Copy the data that follows, character for character, minus the pictures.

§ Caption-style text data:
——————

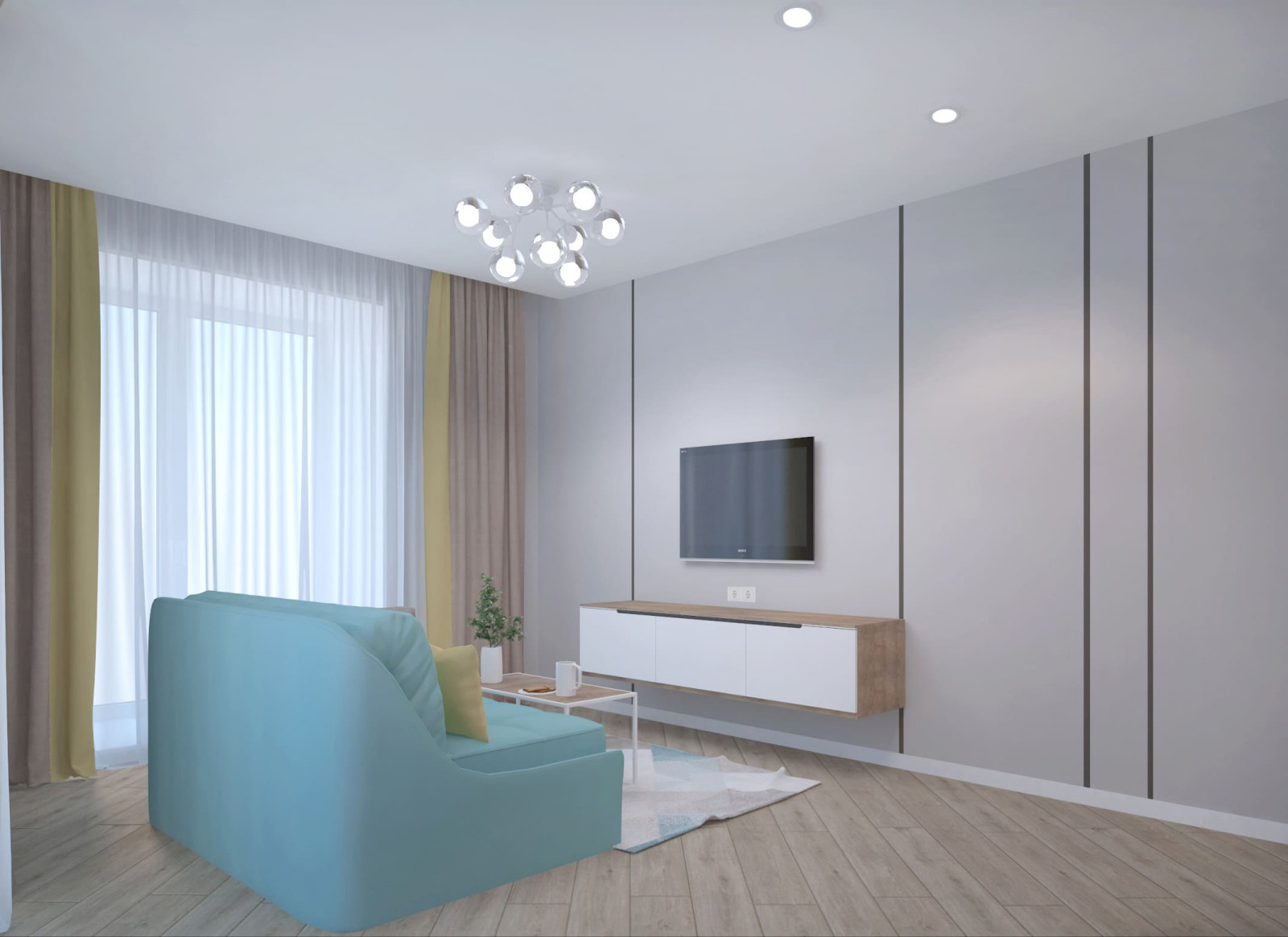 Солнечные гостиная и детская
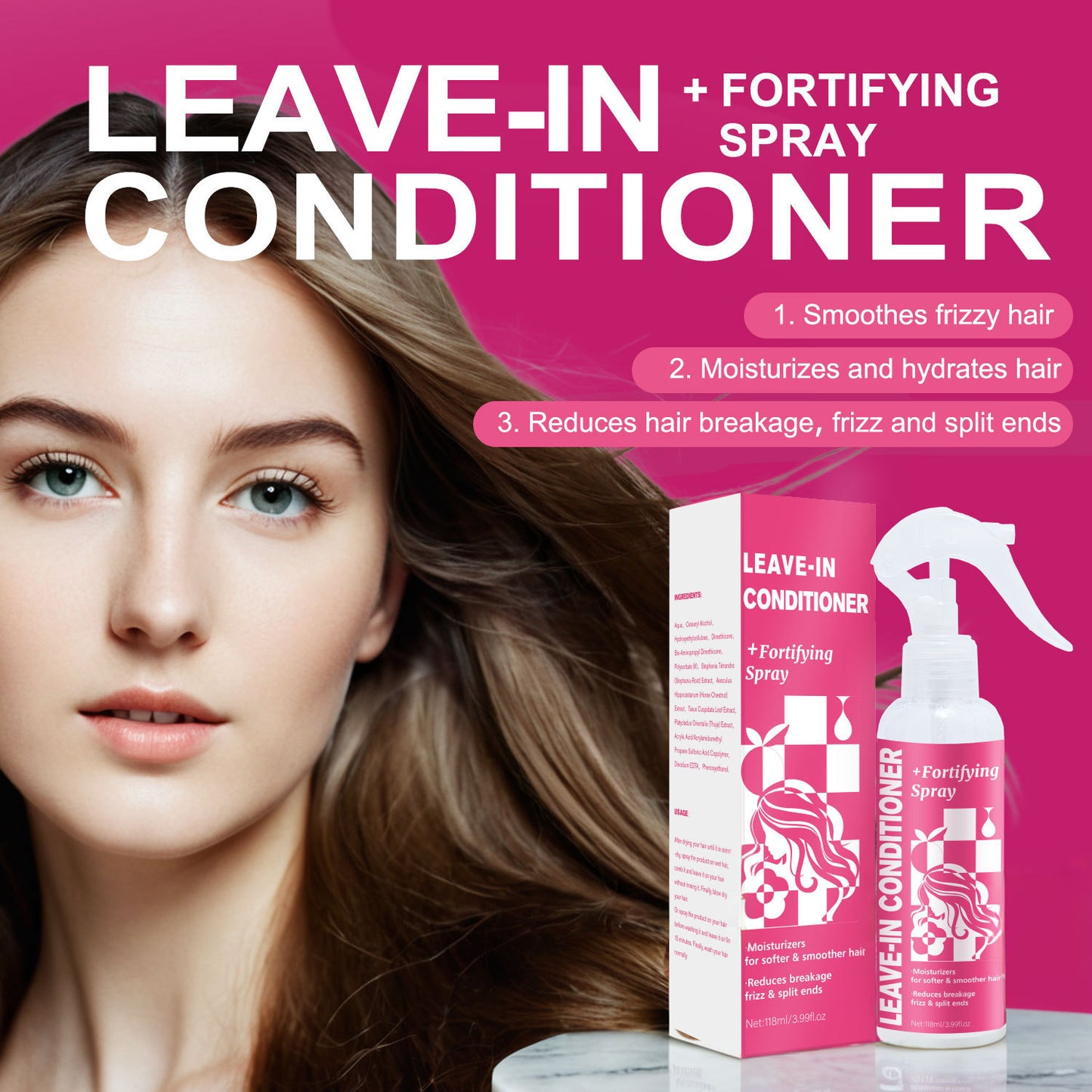 Leave-in Hair Conditioner Anti-knot Spray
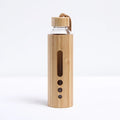 Borosilicate Glass Water Bottle with Bamboo Sleeve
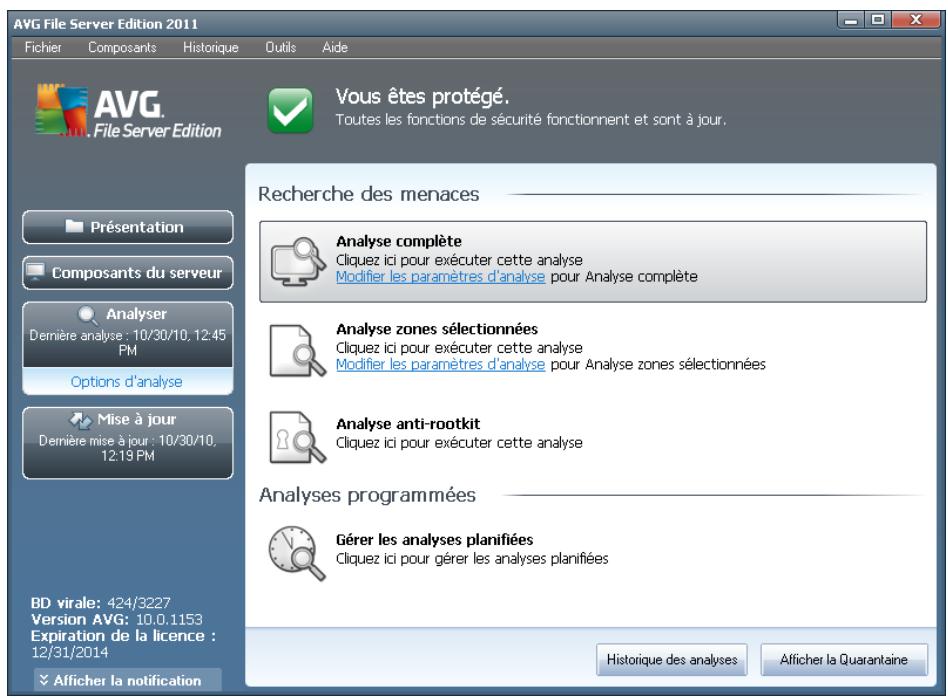 GRISOFT EDITION SERVEUR DE FICHIERS 2011 - Programmation de l'analyse - 1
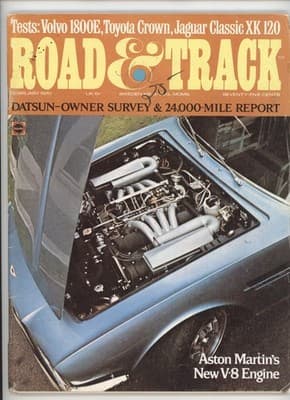 Road & Track February 1970 Volvo 1800E Toyota Crown Jaguar XK 120 Magazine - Image 1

——————

§ ANSWER TO THE PROBLEM:
 Солнечные гостиная и детская
 Leave-in Hair Conditioner Anti-knot Spray
 Borosilicate Glass Water Bottle with Bamboo Sleeve
 GRISOFT EDITION SERVEUR DE FICHIERS 2011 - Programmation de l'analyse - 1
 Road & Track February 1970 Volvo 1800E Toyota Crown Jaguar XK 120 Magazine - Image 1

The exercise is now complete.